(Work instructions): All lines below must be repeated exactly, with the pictures omitted.

___ Data supplied ___

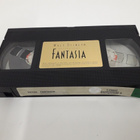 Fantasia- Walt Disneyn Mestariteos (WD, vhs) - pikkukuva 5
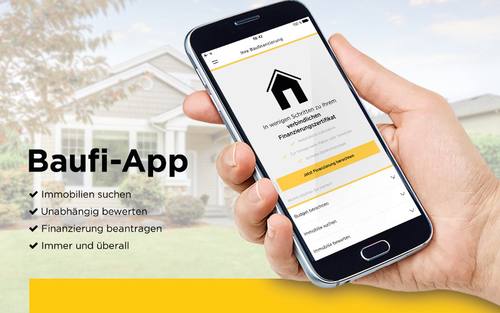 Commerzbank Baufi-App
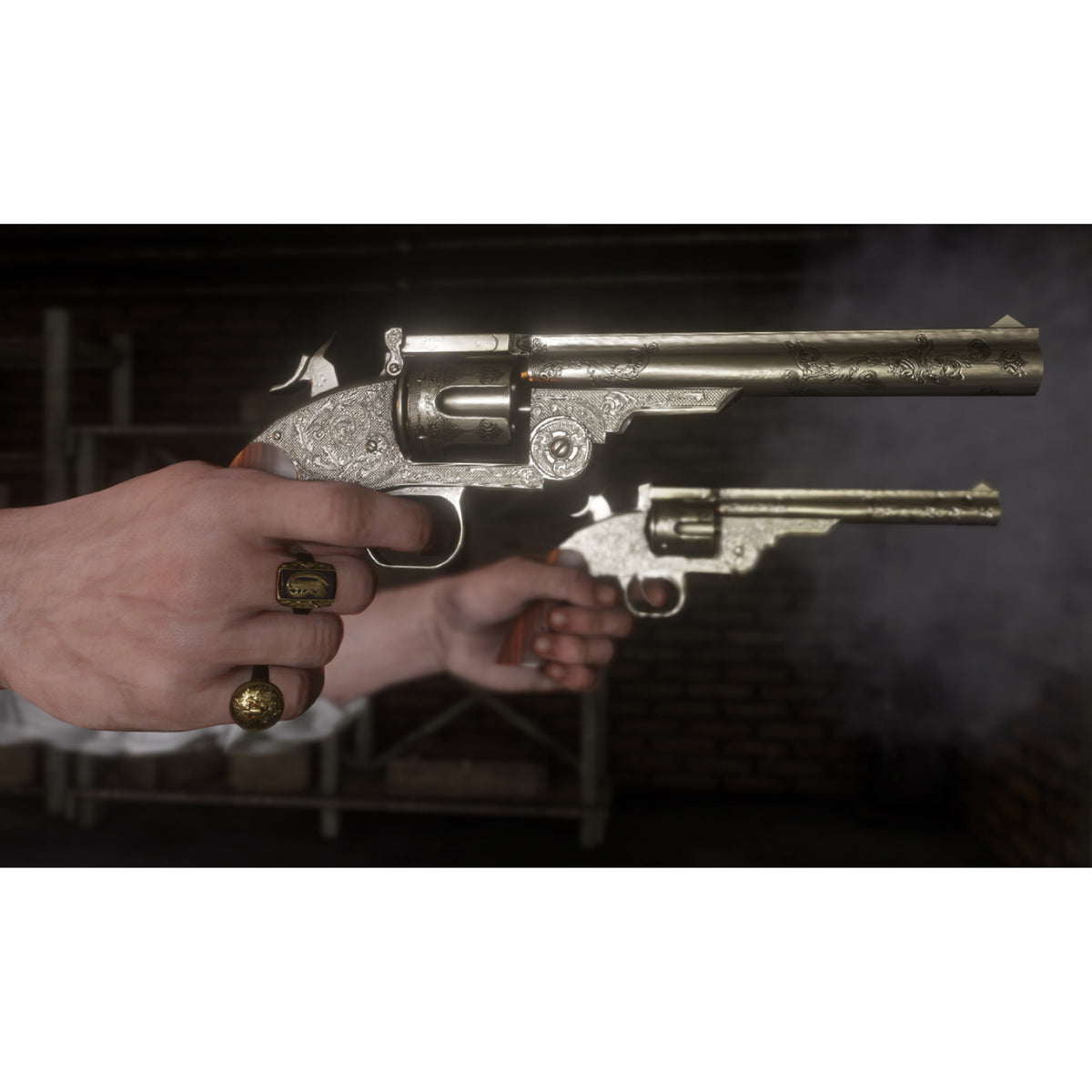 Juego PS4 Red Dead Redemption 2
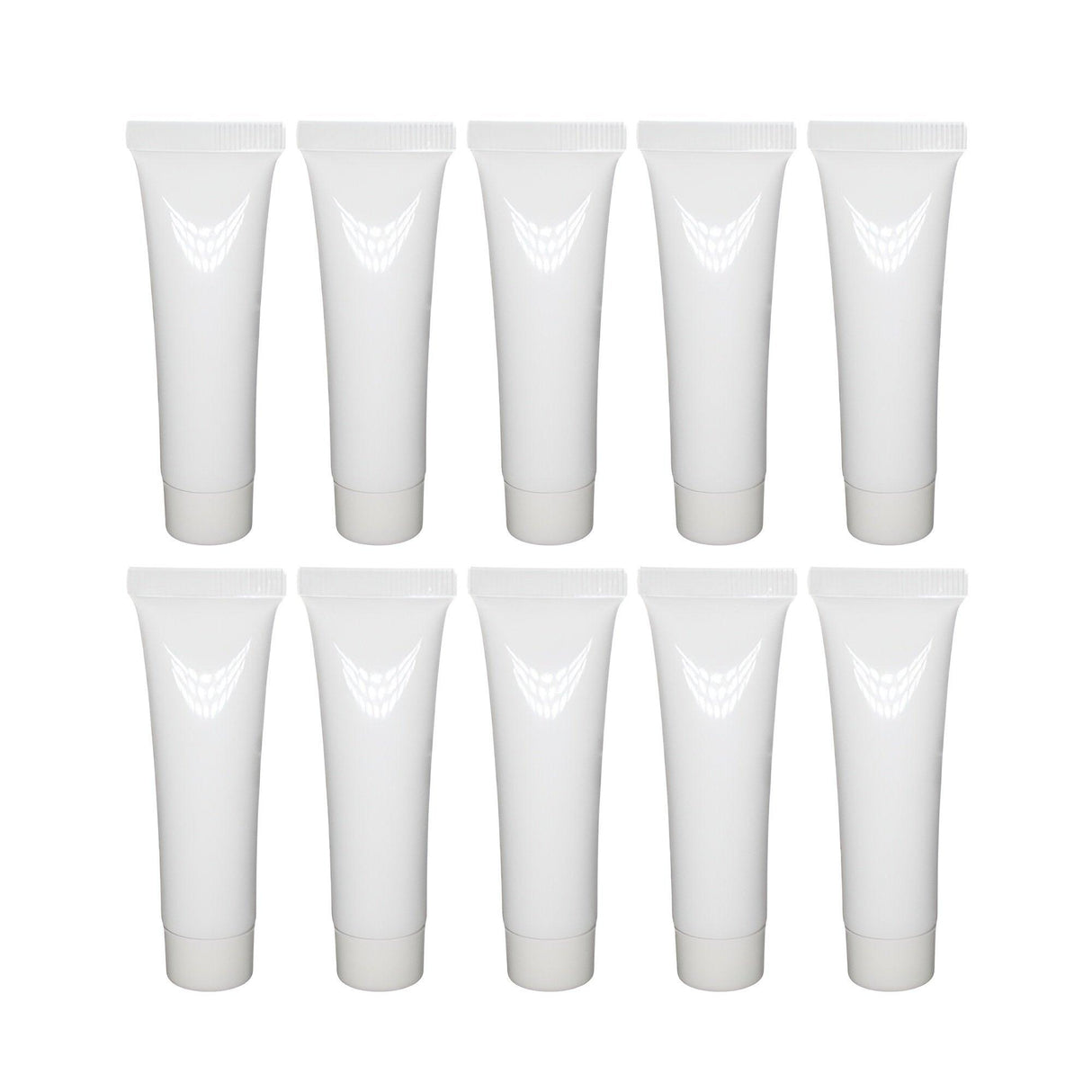 Makeup Soft Tubes 10-Pack PE Versatile Storage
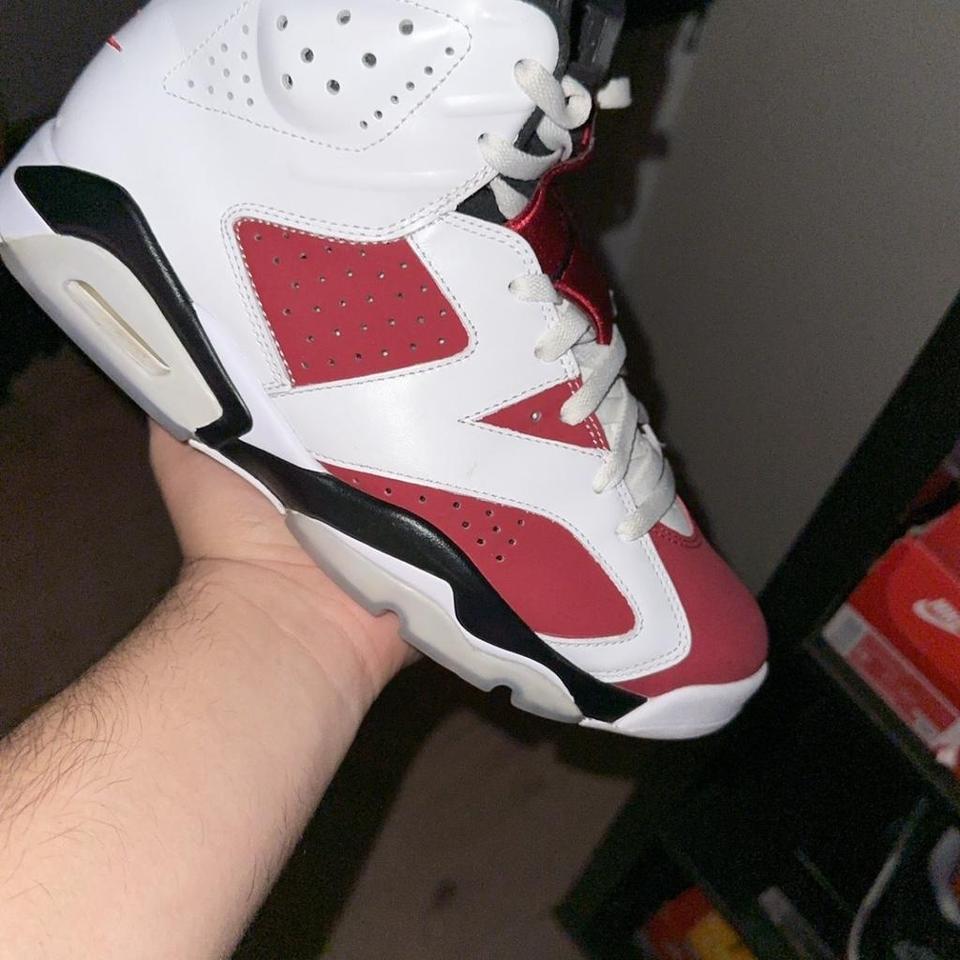 Air Jordan Retro 6 Carmine 8c33 3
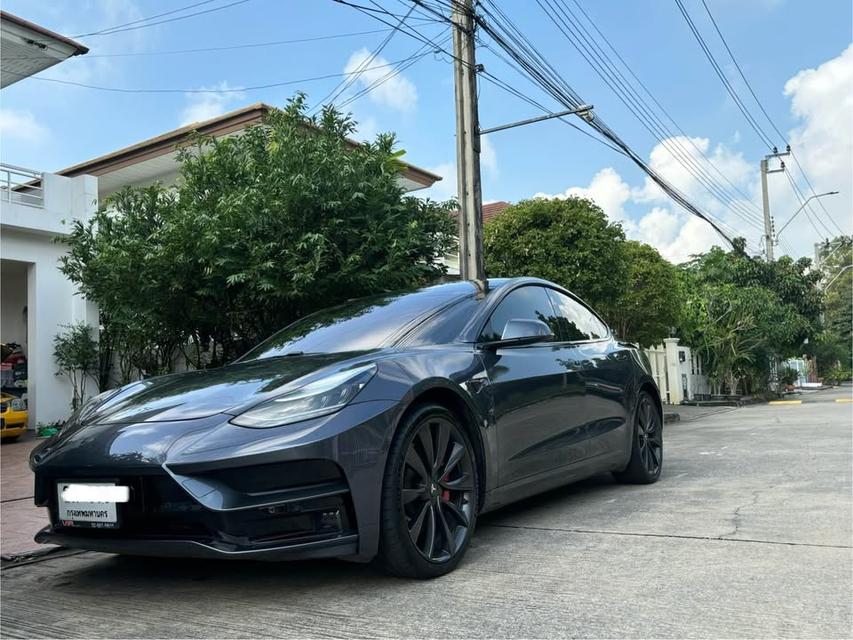 Tesla Model S เจ้าของขายเอง 3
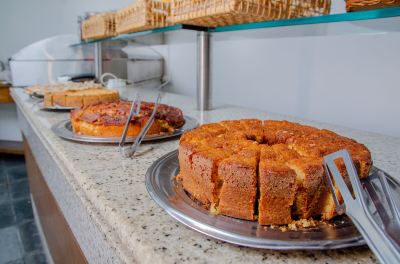 料理 ホテル ブルマの写真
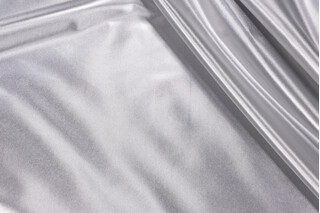 Scalamandre Woven Decorator Fabric in Silver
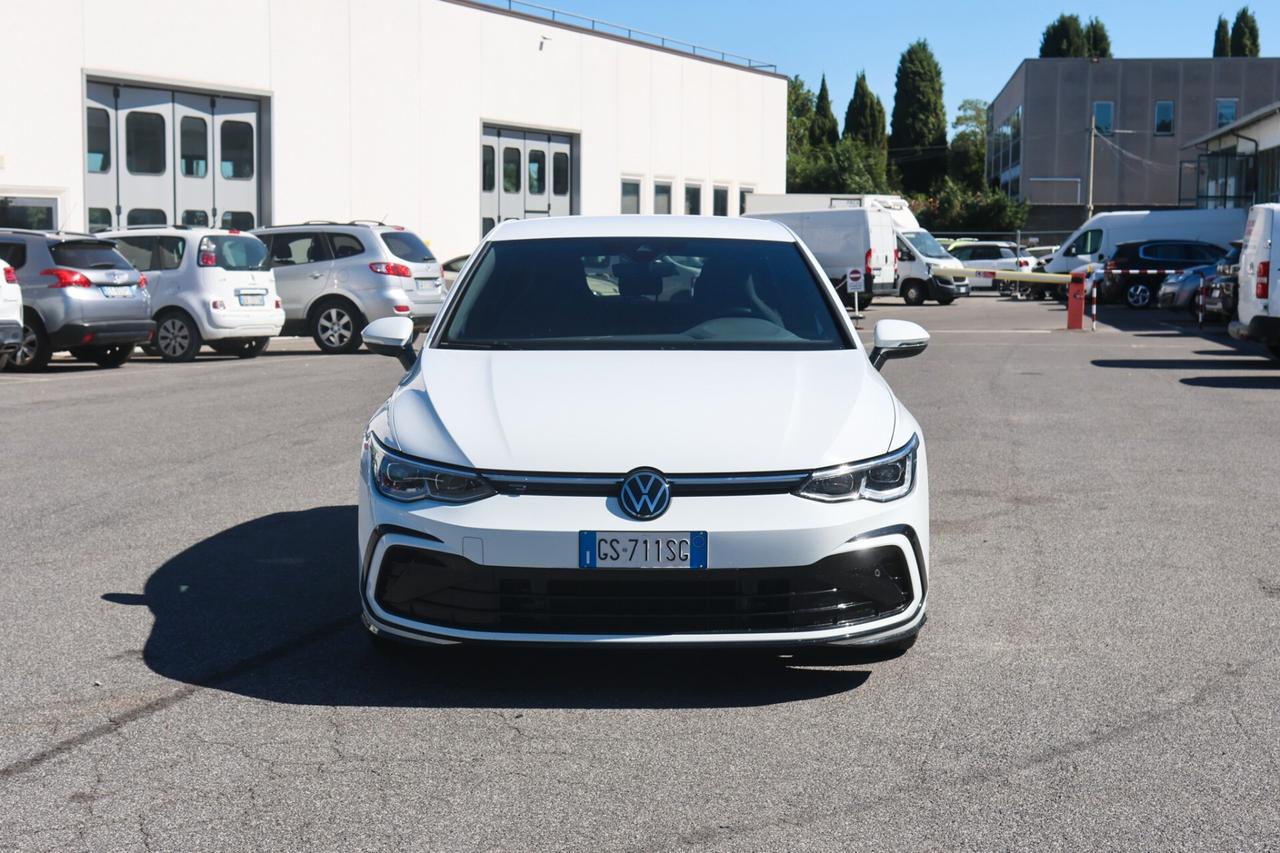 Volkswagen Golf 1.5 TSI 150 CV EVO ACT R-Line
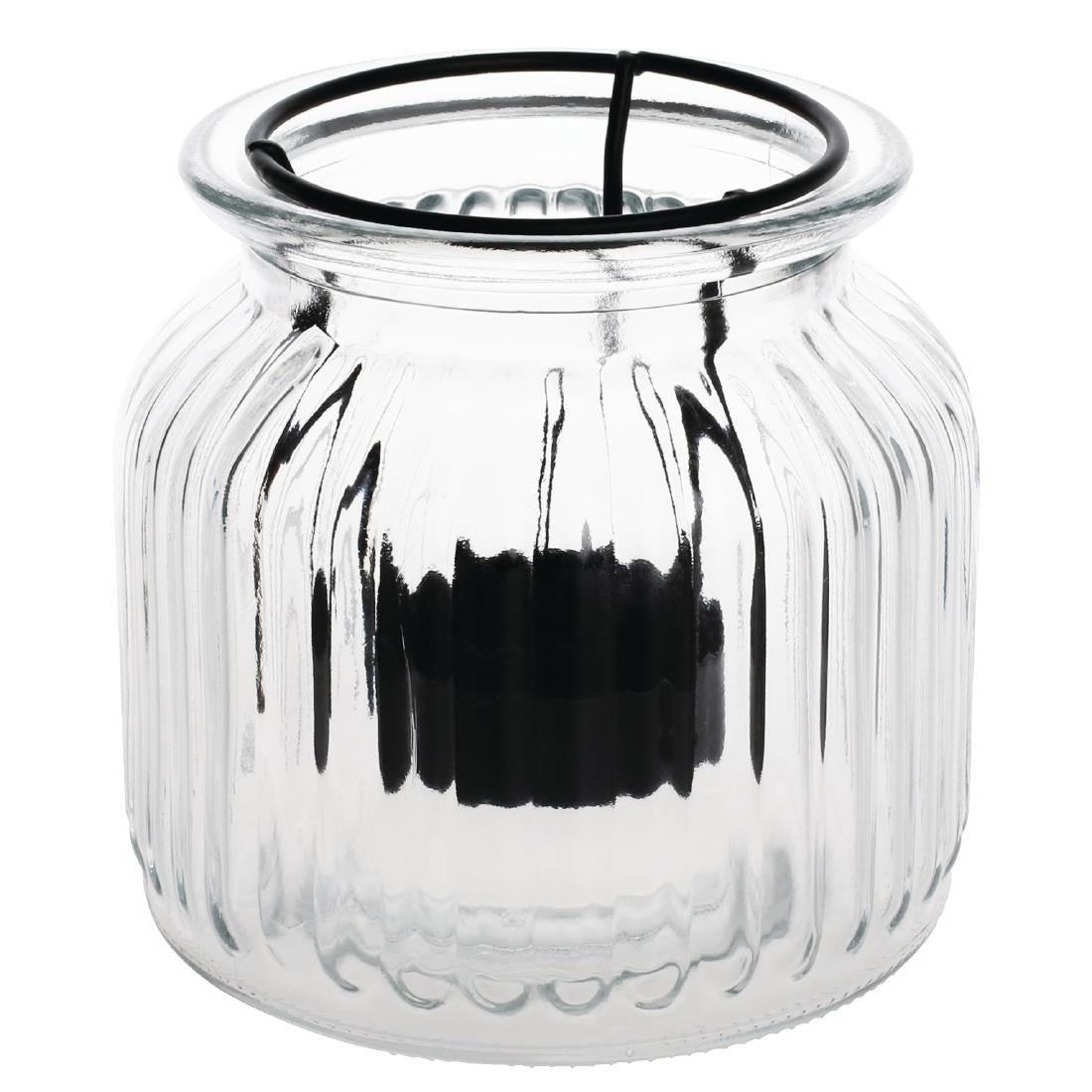 Olympia Lantern Style Tealight Holder (Pack of 6) - CM639 Olympia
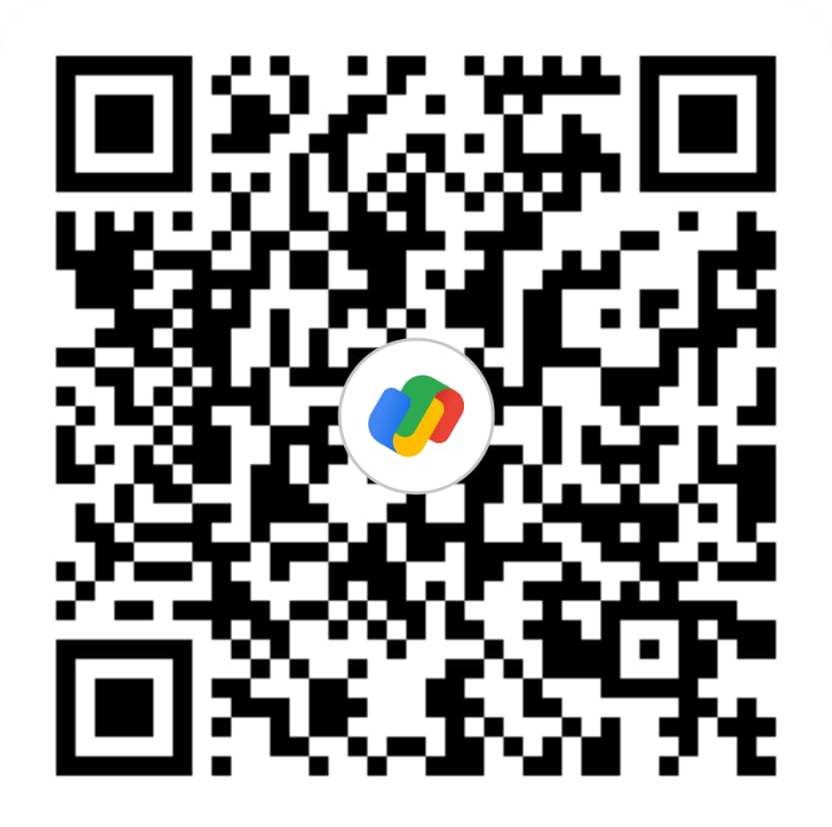 UPI QR code for ₹3,499 payment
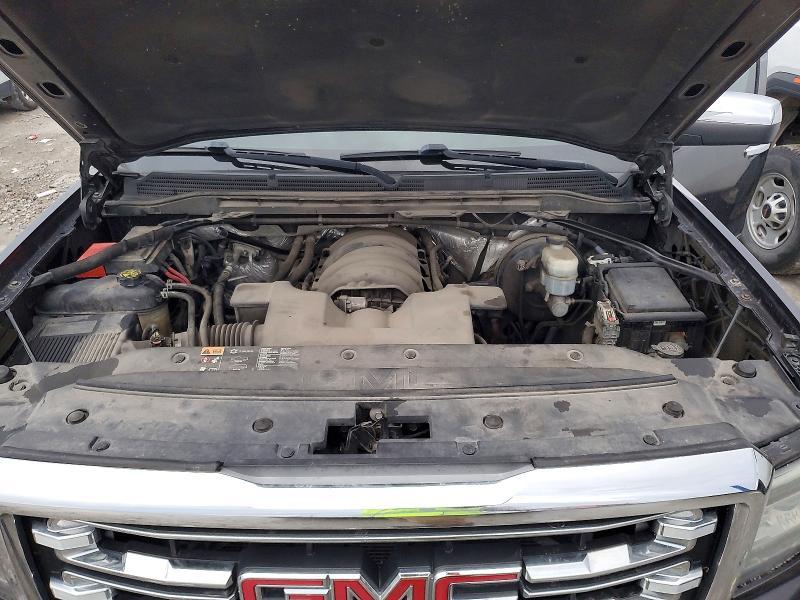 2016 GMC Sierra K1500 slt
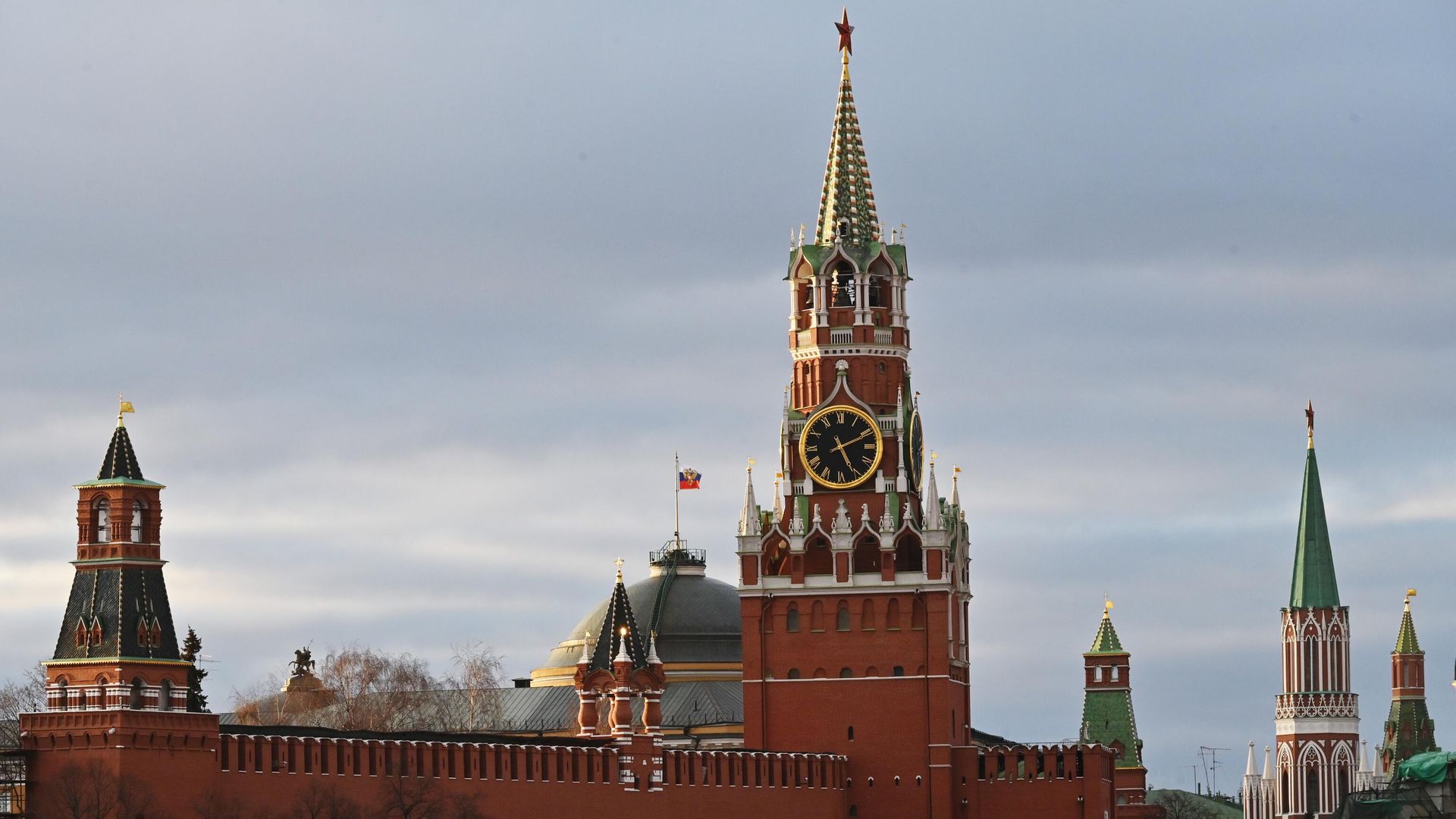 Московский Кремль Московский Кремль - РИА Новости, 1920, 09.12.2024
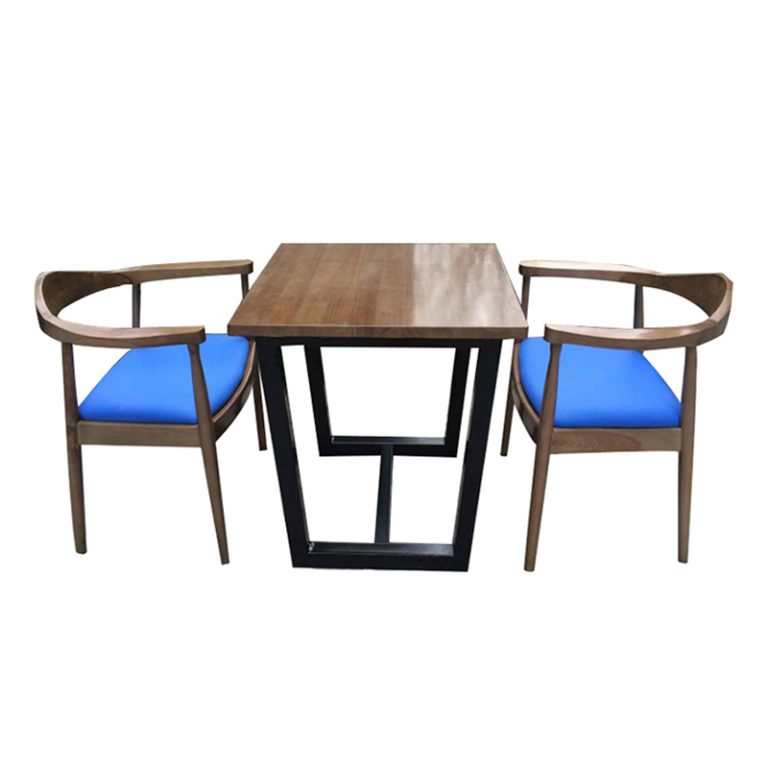 Cafe tables and chairs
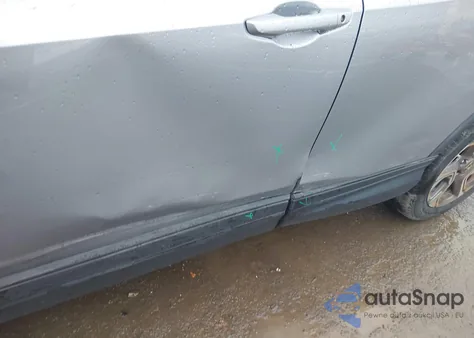 2017 Honda Cr-V Ex-L/Ex-L Navi z USA, uszkodzony, nr VIN 5J6RW2H81HL028888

___

(Result for this exercise):
 Fantasia- Walt Disneyn Mestariteos (WD, vhs) - pikkukuva 5
 Commerzbank Baufi-App
 Juego PS4 Red Dead Redemption 2
 Makeup Soft Tubes 10-Pack PE Versatile Storage
 Air Jordan Retro 6 Carmine 8c33 3
 Tesla Model S เจ้าของขายเอง 3
 料理 ホテル ブルマの写真
 Scalamandre Woven Decorator Fabric in Silver
 Volkswagen Golf 1.5 TSI 150 CV EVO ACT R-Line
 Olympia Lantern Style Tealight Holder (Pack of 6) - CM639 Olympia
 UPI QR code for ₹3,499 payment
 2016 GMC Sierra K1500 slt
 Московский Кремль Московский Кремль - РИА Новости, 1920, 09.12.2024
 Cafe tables and chairs
 2017 Honda Cr-V Ex-L/Ex-L Navi z USA, uszkodzony, nr VIN 5J6RW2H81HL028888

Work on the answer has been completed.